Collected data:
○ ○ ○ ○ ○ ○ ○

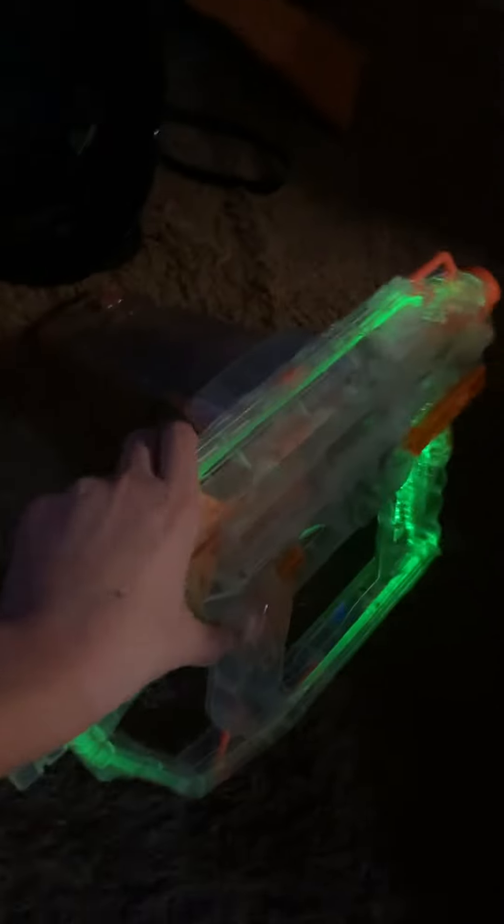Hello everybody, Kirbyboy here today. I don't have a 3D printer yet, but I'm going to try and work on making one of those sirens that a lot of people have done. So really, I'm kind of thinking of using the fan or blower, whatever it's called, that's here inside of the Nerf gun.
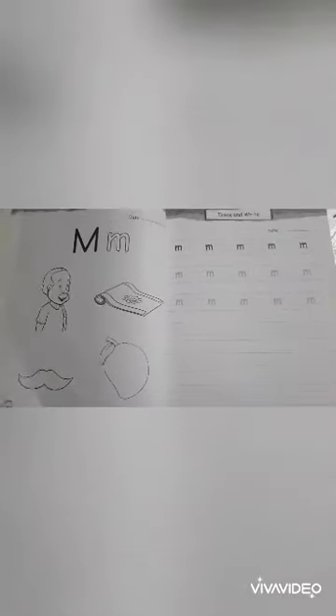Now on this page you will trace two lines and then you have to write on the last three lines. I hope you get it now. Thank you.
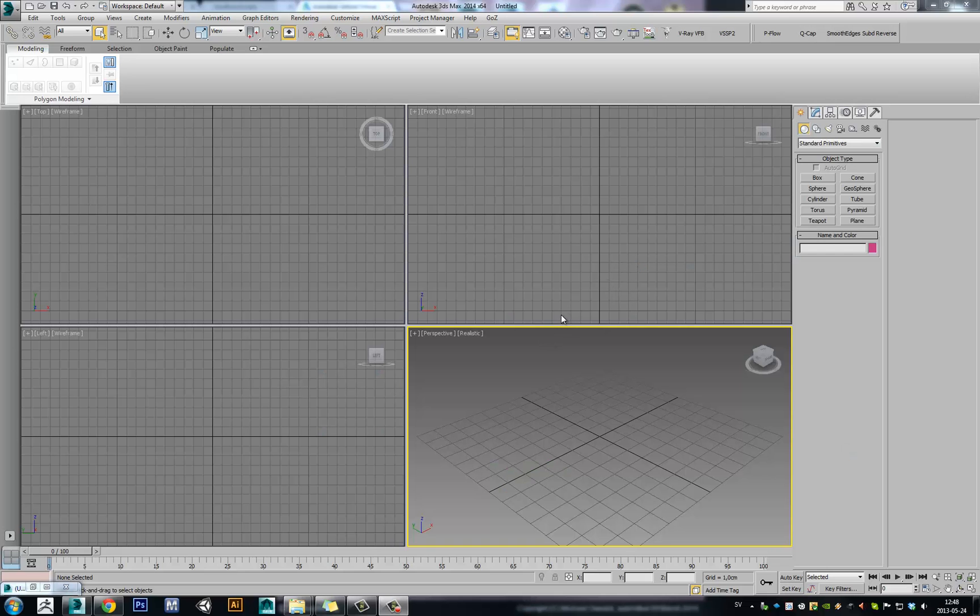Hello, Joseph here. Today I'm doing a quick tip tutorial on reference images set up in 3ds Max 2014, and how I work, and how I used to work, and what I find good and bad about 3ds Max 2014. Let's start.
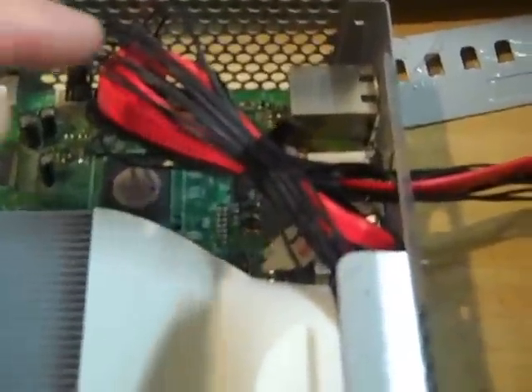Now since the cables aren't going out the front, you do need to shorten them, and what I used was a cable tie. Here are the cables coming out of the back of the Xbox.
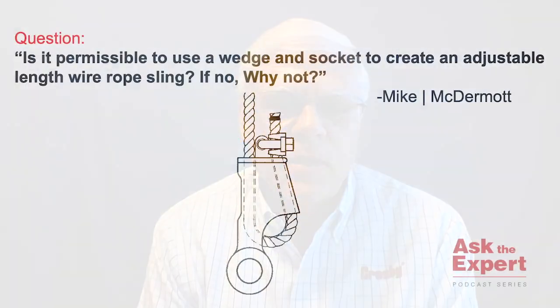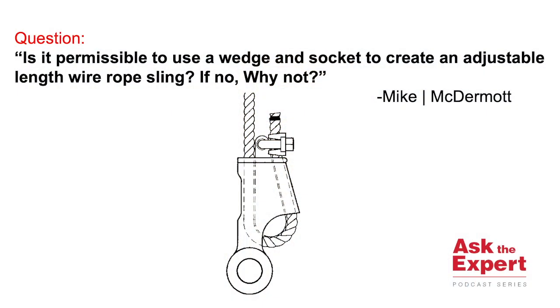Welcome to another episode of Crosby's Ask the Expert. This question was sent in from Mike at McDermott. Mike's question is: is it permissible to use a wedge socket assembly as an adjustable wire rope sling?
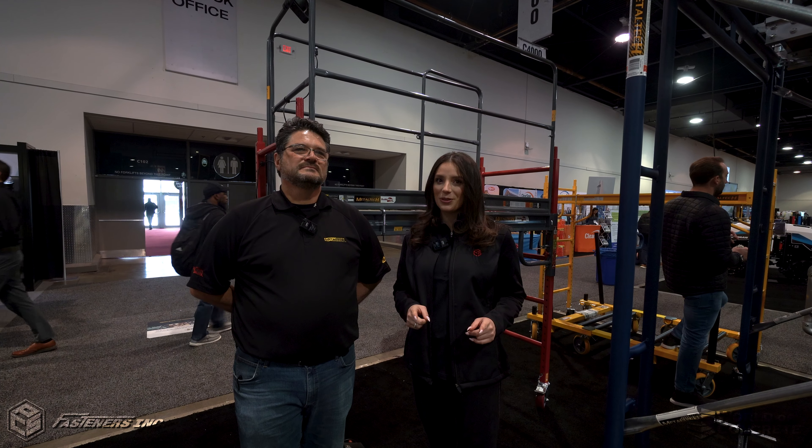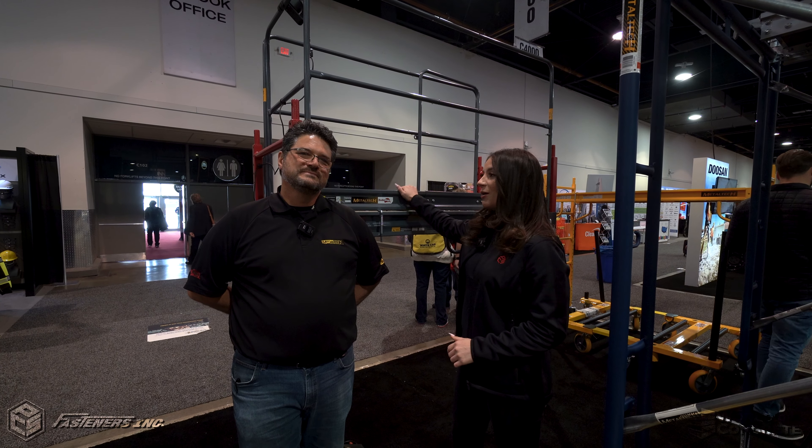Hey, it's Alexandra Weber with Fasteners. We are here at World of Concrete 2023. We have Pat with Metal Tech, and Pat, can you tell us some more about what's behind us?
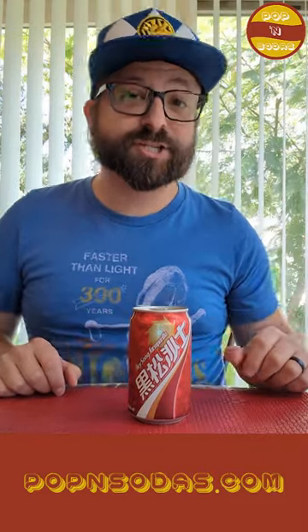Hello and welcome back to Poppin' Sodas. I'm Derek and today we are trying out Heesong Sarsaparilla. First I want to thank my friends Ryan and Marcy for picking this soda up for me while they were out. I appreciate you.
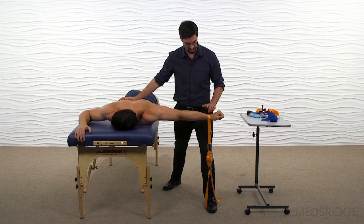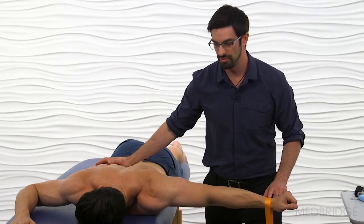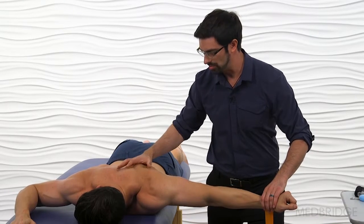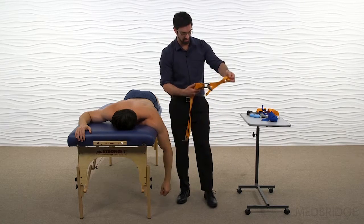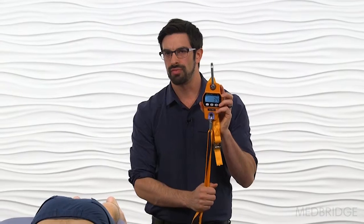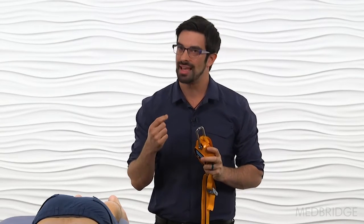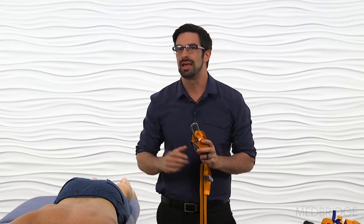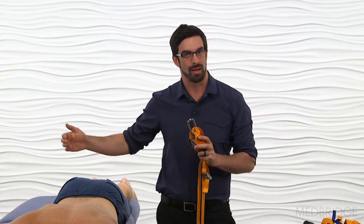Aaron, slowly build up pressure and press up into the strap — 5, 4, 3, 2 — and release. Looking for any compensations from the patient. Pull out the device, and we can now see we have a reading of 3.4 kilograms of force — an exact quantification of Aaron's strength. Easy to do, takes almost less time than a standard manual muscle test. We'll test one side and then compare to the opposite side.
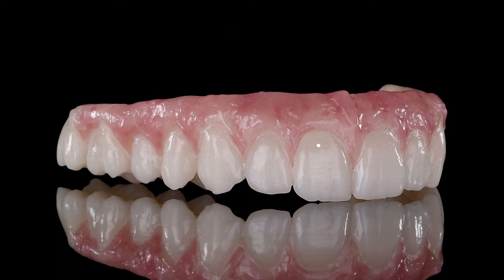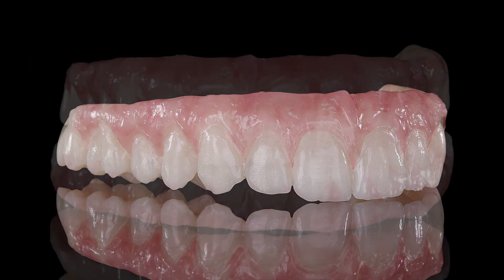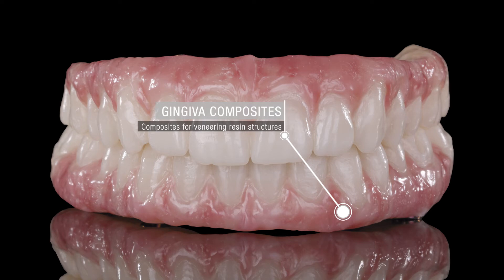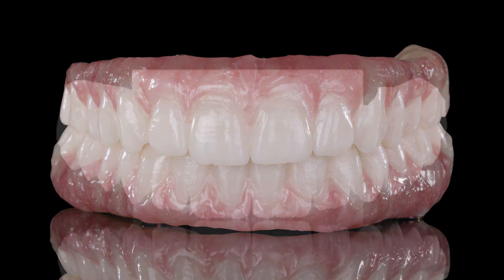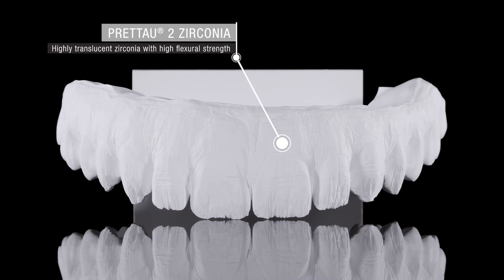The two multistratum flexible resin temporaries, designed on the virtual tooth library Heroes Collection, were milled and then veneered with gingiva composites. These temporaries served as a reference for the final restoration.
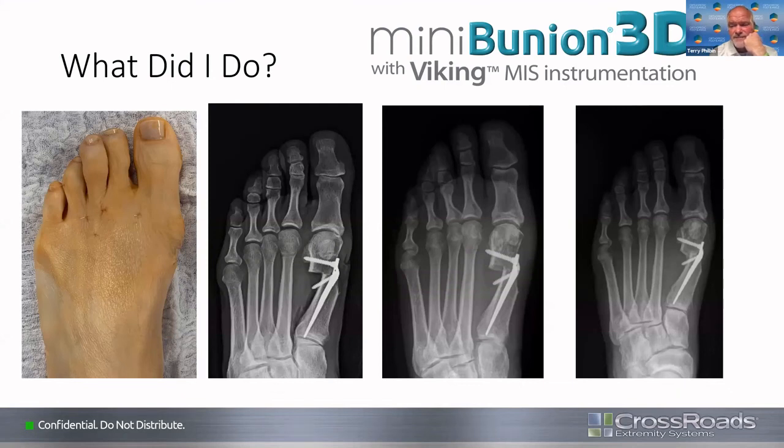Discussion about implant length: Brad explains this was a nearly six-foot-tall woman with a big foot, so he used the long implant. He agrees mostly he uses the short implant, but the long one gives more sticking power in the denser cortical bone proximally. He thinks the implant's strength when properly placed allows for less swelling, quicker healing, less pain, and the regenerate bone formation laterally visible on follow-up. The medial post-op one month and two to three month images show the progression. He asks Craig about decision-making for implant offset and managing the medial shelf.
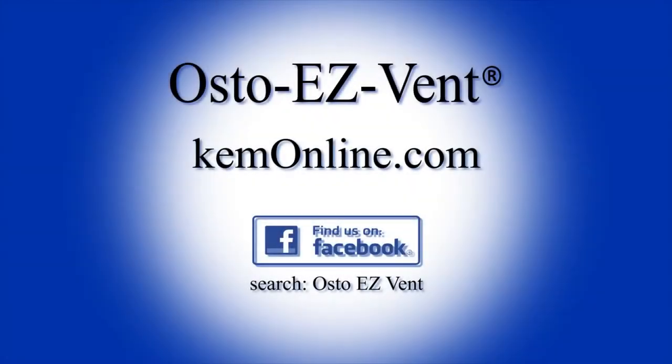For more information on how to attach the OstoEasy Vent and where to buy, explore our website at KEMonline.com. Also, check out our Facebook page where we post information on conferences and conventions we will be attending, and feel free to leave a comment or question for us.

○ ○ ○ ○ ○ ○ ○

* TASK
Copy exactly the lines from the line containing "The two multistratum" through the last line of the records above, both included, and leave out any pictures.

* RESULT OF THIS TASK
The two multistratum flexible resin temporaries, designed on the virtual tooth library Heroes Collection, were milled and then veneered with gingiva composites. These temporaries served as a reference for the final restoration.
Discussion about implant length: Brad explains this was a nearly six-foot-tall woman with a big foot, so he used the long implant. He agrees mostly he uses the short implant, but the long one gives more sticking power in the denser cortical bone proximally. He thinks the implant's strength when properly placed allows for less swelling, quicker healing, less pain, and the regenerate bone formation laterally visible on follow-up. The medial post-op one month and two to three month images show the progression. He asks Craig about decision-making for implant offset and managing the medial shelf.
For more information on how to attach the OstoEasy Vent and where to buy, explore our website at KEMonline.com. Also, check out our Facebook page where we post information on conferences and conventions we will be attending, and feel free to leave a comment or question for us.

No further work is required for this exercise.